Hemenway – Urban Versus Rural (slight return).

ActivistI wrote back in November about Toby Hemenway’s article on urban versus rural sustainability which had had such a profound effect on me. You might like to read his follow up article to that one, called **’Cities, peak oil, and sustainability’**, which builds on the previous one, and responds to some of the criticisms the first one has received. For me he hits the nail on the head again. The article appears in the Permaculture Activist, surely the finest publication on the face of the planet. If you don’t subscribe and you are in any way interested in practical solutions and inspired thinking for saving the planet, you are missing out on a great deal. Toby’s new website is **www.patternliteracy.com**.

You might like to check out In the Wake where Aric McBay has a go at Hemenway, mostly, in my opinion, on quite picky grounds. McBay’s argument is very much an ‘either/or’ kind of approach, but really, at the end of the day, this is a bigger issue than urban OR rural, at the end of the day its not like we can choose one or the other, surely it is a case of sustainable rural economies supporting and being supported by sustainable cities. We cannot argue that ONLY cities can be sustainable or ONLY rural communities can be sustainable, we either have both or nothing.

What I like about Hemenway’s approach is how he challenges the perceived belief that we should all move to the countryside and all will be fine. Every new issue of the Permaculture Magazine seems to contain a story of someone moving to find their piece of heaven in rural Spain, by implication leaving the rest of us to stew in our own juice. Saturday’s Independent was similarly full of places to invest overseas to get your ‘piece of heaven’.

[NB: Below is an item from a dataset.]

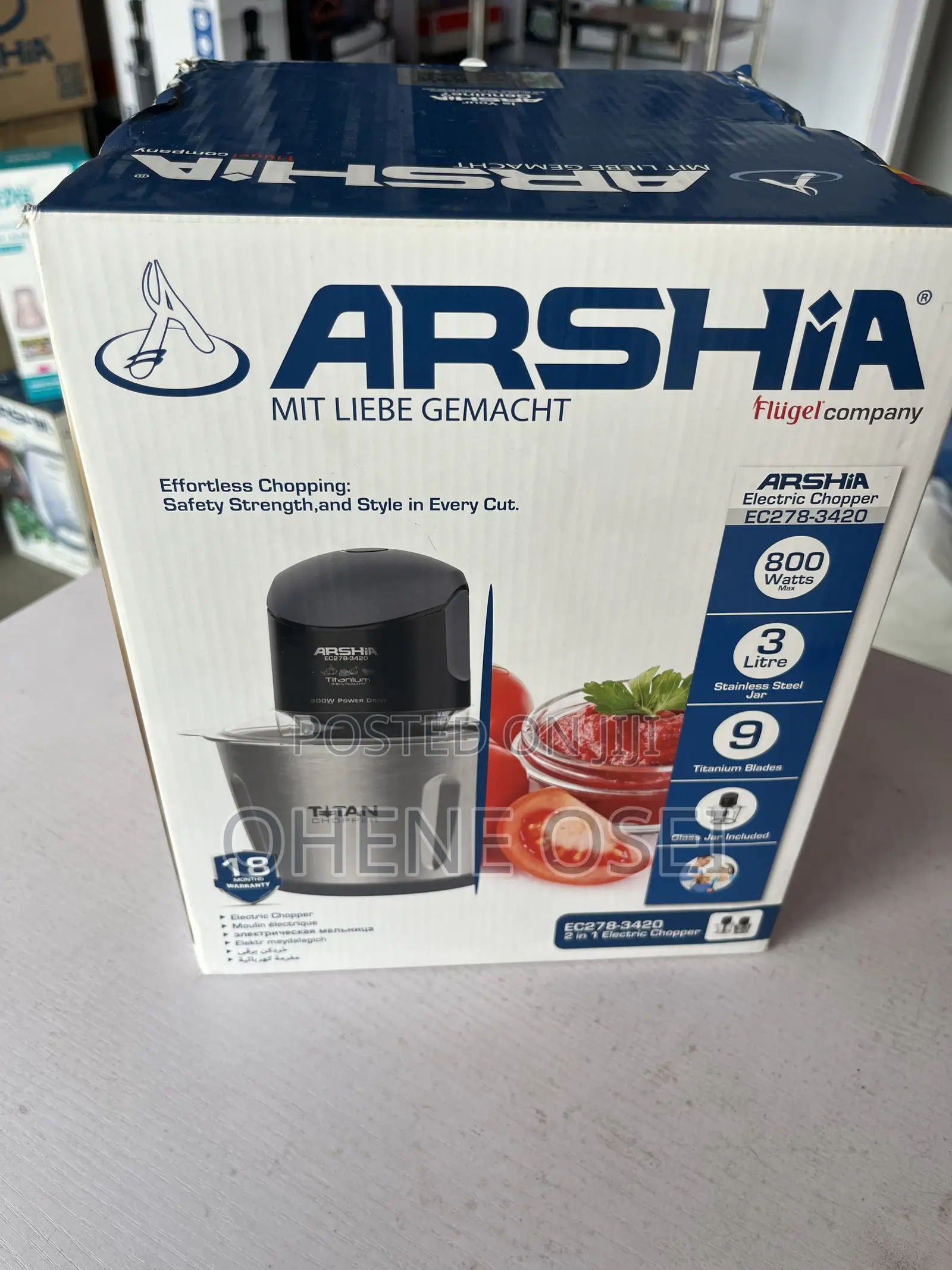 Arshia Electric Chopper 3l - Stainless Steel + Glass Jar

I really like Hemenway’s honesty about the realities of moving to a rural community, which, although they are of course only his experience and are not universal, still confront a few sacred cows and resonate deeply with my experience. McBay argues that Hemenway is rosy about cities and that cities are not going to be nice places to be post-peak, which is also true. We need energy descent approaches for rural and urban areas, bioregional watershed planning which includes both in a coherent whole. Love him or loathe him, Hemenway has certainly got people talking about the issues.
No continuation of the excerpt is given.